Given a ring map $A \to B$ of finite presentation inducing a universal homeomorphism on spectra, we get a canonical map $B \to A^{awn}$ by the very construction of $A^{awn}$. Since every $A \to B$ as in (1) is a filtered colimit of $A \to B$ as in (1) of finite presentation (Lemma 29.46.11), we see that $A \to A^{awn}$ is final in the category (1).

Let $x, y \in A^{awn}$ be elements such that $x^3 = y^2$. Then $A^{awn} \to A^{awn}[t]/(t^2 - x, t^3 - y)$ induces a universal homeomorphism on spectra by Lemma 29.46.10. Thus $A \to A^{awn}[t]/(t^2 - x, t^3 - y)$ is in the category (1) and we obtain a unique $A$-algebra map $A^{awn}[t]/(t^2 - x, t^3 - y) \to A^{awn}$. The image $a \in A^{awn}$ of $t$ is therefore the unique element such that $a^2 = x$ and $a^3 = y$ in $A^{awn}$. In exactly the same manner, given a prime $p$ and $x, y \in A^{awn}$ with $p^ px = y^ p$ we find a unique $a \in A^{awn}$ with $a^ p = x$ and $pq = y$. Thus $A^{awn}$ is absolutely weakly normal by definition.
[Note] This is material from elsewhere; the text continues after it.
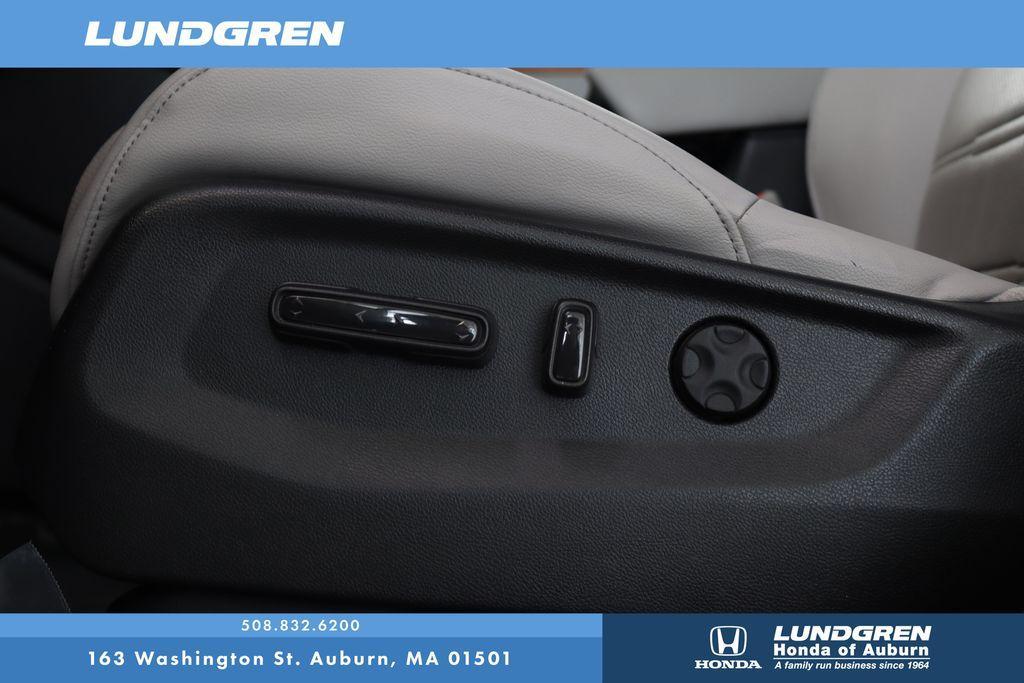 used 2017 Honda CR-V car, priced at $18,831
Finally, let $A \to B$ be in the category (1) with $B$ absolutely weakly normal. Since $A^{awn} \to B^{awn}$ induces a universal homeomorphism on spectra and since $A^{awn}$ is reduced (Lemma 29.47.5) we find $A^{awn} \subset B^{awn}$ (see Algebra, Lemma 10.30.6). If this inclusion is not an equality, then Lemma 29.46.6 implies there is an element $b \in B^{awn}$, $b \not\in A^{awn}$ such that either $b^2, b^3 \in A^{awn}$ or $pb, b^ p \in A^{awn}$ for some prime number $p$. However, by the existence and uniqueness in Definition 29.47.1 this forces $b \in A^{awn}$ and hence we obtain the contradiction that finishes the proof.
$\square$

Lemma 29.47.7. Let $X$ be a scheme.

The category of universal homeomorphisms $Y \to X$ has an initial object $X^{awn} \to X$.

Given $Y \to X$ in the category of (1) the resulting morphism $X^{awn} \to Y$ is an isomorphism if and only if $Y$ is absolutely weakly normal.
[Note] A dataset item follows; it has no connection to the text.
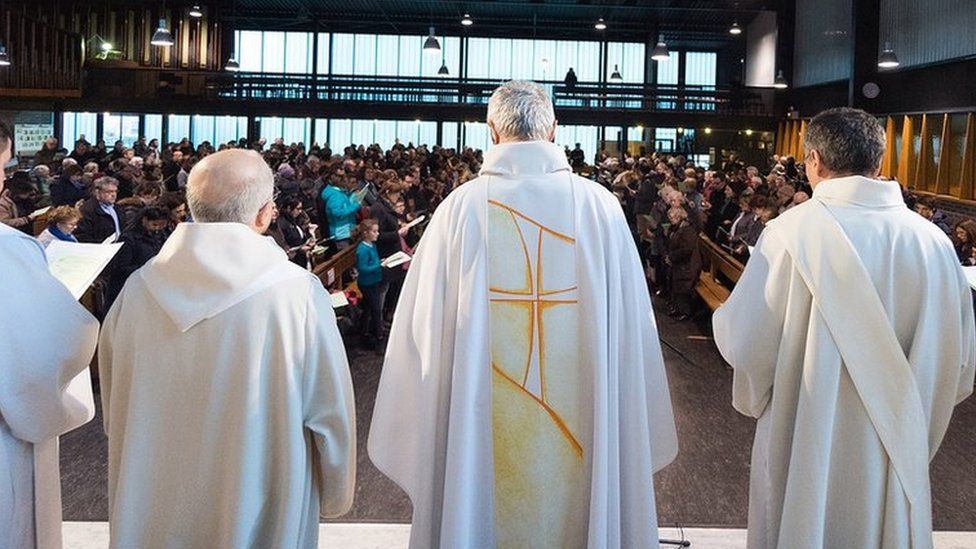 Francuski katolički svećenici zlostavljali 216.000 djece od 1950. godine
The category of universal homeomorphisms $Y \to X$ which induce ismomorphisms on residue fields has an initial object $X^{sn} \to X$.

Given $Y \to X$ in the category of (3) the resulting morphism $X^{sn} \to Y$ is an isomorphism if and only if $Y$ is seminormal.

For any morphism $h : X' \to X$ of schemes there are unique morphisms $h^{awn} : (X')^{awn} \to X^{awn}$ and $h^{sn} : (X')^{sn} \to X^{sn}$ compatible with $h$.

**Proof.**
We will prove (1) and (2) and omit the proof of (3) and (4). Let $h : X' \to X$ be a morphism of schemes. If (1) holds for $X$ and $X'$, then $X' \times _ X X^{awn} \to X'$ is a universal homeomorphism and hence we get a unique morphism $(X')^{awn} \to X' \times _ X X^{awn}$ over $X'$ by the universal property of $(X')^{awn} \to X'$. Composed with the projection $X' \times _ X X^{awn} \to X^{awn}$ we obtain $h^{awn}$. If in addition (2) holds for $X$ and $X'$ and $h$ is an open immersion, then $X' \times _ X X^{awn}$ is absolutely weakly normal (Lemma 29.47.4) and we deduce that $(X')^{awn} \to X' \times _ X X^{awn}$ is an isomorphism.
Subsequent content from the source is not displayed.